If a downstream network includes Cancelled packets in its calculation of downstream congestion, it is advantageous to an upstream network to reduce the proportion of Cancelled packets, whereas attack #2 showed that when the downstream network does not include Cancelled packets in its calculations it is advantageous for the upstream network to increase the proportion of Cancelled packets.
In typical circumstances where low levels of congestion prevail the proportion of Cancelled packets will be very small. For instance, it would be unusual for congestion to be higher than in the scenario of FIG. 2 where total congestion is 1.69%, and in that case only 0.01% of packets end up as Cancelled. Therefore, given attack strategy #3 consumes Cancelled packets, this attack only seems able to achieve a very small reduction in downstream congestion.

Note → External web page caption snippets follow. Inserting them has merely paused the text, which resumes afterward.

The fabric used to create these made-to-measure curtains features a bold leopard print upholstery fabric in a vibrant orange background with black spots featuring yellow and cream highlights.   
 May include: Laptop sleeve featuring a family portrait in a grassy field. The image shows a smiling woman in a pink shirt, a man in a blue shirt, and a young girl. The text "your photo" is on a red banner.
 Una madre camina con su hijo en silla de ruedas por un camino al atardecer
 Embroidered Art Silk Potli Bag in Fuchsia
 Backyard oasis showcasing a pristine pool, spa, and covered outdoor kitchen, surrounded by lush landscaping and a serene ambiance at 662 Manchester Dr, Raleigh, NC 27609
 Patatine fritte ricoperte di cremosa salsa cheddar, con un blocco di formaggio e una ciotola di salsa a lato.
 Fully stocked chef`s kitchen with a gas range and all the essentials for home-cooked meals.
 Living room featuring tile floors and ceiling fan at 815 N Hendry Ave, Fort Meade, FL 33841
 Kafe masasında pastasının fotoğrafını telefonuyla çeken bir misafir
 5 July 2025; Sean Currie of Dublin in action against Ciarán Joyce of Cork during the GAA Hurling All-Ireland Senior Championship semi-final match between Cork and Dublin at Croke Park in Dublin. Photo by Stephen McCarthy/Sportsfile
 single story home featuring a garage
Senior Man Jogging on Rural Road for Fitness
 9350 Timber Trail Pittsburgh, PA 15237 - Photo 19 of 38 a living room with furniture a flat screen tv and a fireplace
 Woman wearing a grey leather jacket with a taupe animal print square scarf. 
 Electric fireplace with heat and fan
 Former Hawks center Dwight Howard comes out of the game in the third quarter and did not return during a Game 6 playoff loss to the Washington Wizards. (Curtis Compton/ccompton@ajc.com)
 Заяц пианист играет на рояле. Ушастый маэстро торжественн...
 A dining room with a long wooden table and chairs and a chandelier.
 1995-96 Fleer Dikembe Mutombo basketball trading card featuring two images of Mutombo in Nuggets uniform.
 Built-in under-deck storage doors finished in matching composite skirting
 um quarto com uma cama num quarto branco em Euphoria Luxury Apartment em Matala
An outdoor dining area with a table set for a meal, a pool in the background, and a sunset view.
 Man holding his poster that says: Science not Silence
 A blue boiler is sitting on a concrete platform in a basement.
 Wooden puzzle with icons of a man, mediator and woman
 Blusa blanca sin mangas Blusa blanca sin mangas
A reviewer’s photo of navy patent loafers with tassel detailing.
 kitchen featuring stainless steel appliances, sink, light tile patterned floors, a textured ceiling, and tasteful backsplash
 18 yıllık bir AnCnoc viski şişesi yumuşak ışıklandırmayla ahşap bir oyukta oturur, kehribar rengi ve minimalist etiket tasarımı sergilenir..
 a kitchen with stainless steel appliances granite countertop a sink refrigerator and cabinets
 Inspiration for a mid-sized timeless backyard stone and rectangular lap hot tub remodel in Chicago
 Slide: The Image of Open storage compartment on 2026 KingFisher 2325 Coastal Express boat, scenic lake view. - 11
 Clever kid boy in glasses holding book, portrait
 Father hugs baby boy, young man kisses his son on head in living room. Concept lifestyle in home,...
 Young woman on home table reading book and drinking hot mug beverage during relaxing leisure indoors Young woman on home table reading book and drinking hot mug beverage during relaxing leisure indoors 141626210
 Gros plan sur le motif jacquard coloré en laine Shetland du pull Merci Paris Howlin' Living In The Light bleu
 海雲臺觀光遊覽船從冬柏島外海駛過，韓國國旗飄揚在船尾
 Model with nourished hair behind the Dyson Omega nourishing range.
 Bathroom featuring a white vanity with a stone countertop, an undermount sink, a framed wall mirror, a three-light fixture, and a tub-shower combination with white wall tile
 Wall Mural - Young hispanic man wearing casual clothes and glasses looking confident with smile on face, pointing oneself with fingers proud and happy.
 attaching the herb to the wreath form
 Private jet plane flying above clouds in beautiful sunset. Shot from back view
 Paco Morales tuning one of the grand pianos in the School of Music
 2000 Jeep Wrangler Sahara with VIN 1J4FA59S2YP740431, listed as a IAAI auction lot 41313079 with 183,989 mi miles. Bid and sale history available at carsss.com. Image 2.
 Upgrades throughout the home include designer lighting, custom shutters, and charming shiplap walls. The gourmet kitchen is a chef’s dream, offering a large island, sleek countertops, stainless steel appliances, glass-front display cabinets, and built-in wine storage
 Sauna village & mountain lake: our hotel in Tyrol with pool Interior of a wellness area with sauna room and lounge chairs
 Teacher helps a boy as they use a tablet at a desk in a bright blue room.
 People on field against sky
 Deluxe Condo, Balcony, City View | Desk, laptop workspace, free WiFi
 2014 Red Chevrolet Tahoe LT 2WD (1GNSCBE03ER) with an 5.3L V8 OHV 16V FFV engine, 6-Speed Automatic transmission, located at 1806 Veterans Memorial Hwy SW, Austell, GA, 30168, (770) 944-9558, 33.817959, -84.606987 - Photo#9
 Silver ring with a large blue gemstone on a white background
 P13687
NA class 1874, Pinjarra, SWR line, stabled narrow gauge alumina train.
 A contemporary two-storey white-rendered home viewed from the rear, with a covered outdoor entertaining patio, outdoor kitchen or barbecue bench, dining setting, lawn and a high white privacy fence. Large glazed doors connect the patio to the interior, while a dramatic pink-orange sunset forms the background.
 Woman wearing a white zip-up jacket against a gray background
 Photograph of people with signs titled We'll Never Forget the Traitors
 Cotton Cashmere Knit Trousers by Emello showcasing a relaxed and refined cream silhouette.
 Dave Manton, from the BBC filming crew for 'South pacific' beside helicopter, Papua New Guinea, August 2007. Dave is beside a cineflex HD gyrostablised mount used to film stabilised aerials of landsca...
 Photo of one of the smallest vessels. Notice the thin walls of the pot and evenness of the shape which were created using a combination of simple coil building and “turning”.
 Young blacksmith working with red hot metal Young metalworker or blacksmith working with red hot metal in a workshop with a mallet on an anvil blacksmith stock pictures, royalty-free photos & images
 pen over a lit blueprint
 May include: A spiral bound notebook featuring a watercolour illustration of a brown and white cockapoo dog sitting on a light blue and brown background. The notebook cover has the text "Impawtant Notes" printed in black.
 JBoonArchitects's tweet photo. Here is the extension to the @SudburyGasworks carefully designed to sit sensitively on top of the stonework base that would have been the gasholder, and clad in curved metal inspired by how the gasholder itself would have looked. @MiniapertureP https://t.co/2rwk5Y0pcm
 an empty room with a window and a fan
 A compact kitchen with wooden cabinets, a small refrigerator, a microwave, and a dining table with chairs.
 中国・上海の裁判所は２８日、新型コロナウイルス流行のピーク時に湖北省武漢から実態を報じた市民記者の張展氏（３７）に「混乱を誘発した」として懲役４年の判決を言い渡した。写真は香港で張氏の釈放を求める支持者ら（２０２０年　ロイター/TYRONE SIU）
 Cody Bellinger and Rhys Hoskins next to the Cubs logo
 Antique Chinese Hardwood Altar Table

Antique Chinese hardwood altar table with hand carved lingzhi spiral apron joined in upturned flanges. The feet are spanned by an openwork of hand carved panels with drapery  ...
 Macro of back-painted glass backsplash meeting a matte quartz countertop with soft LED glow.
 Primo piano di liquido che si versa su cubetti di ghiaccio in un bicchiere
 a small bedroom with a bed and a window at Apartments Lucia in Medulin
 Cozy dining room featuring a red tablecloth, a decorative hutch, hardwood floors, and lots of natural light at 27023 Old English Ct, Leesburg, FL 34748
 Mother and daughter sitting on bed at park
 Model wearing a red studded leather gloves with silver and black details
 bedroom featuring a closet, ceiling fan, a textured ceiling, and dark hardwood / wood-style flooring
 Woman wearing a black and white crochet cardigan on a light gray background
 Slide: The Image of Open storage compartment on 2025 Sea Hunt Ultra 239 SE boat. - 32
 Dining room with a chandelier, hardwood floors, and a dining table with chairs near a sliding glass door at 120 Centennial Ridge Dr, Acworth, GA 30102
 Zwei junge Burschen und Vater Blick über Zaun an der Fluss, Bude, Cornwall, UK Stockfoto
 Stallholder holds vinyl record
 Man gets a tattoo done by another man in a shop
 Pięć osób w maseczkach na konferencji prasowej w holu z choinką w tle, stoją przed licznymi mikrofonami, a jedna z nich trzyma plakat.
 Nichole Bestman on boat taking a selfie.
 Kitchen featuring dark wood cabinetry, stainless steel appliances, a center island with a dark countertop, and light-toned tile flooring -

Attack strategy #3 can however be combined with strategy #1, to greatly reduce apparent downstream congestion—by up to half of its actual value. Strategy #1 greatly increases the proportion of Cancelled packets, giving plenty to switch from Cancelled to Neutral using strategy #3.
FIG. 5 illustrates a numerical example of this combined attack. First (top centre), the data centre applies strategy #1, faking a high 49.49% level of congestion, which results in 50.00% Negative markings (top right) once it has also passed through congestion in the access network, which is still 1.00% as in previous examples.
The sender S initially complies with the re-ECN protocol by marking 50.00% of packets Positive (bottom left). Once all the sender's packets have been subjected to the same 49.49% fake congestion, the proportions marked Cancelled and Negative will both be about 24.75% (percentages accurate to 2 decimal places). Then the data centre network applies strategy #3; it switches the Negative markings from most of the Cancelled packets onto art equal amount of unmarked (Neutral) traffic. In FIG. 5 (bottom centre) it has chosen to switch 24.70% of packets, so the proportion of Positive packets and Negative packets increases by 24.70%.
When the access network uses equation (1), the data centre network has successfully fooled it into calculating that downstream congestion is 0.55% rather than 1.00%, a reduction by nearly one half. These combined attacks still comply with the constraint of the re-feedback protocol that there must be no more Negative packets than Positive, because it can be seen in FIG. 5 (bottom right) that Negative and Positive packets end up equal as required.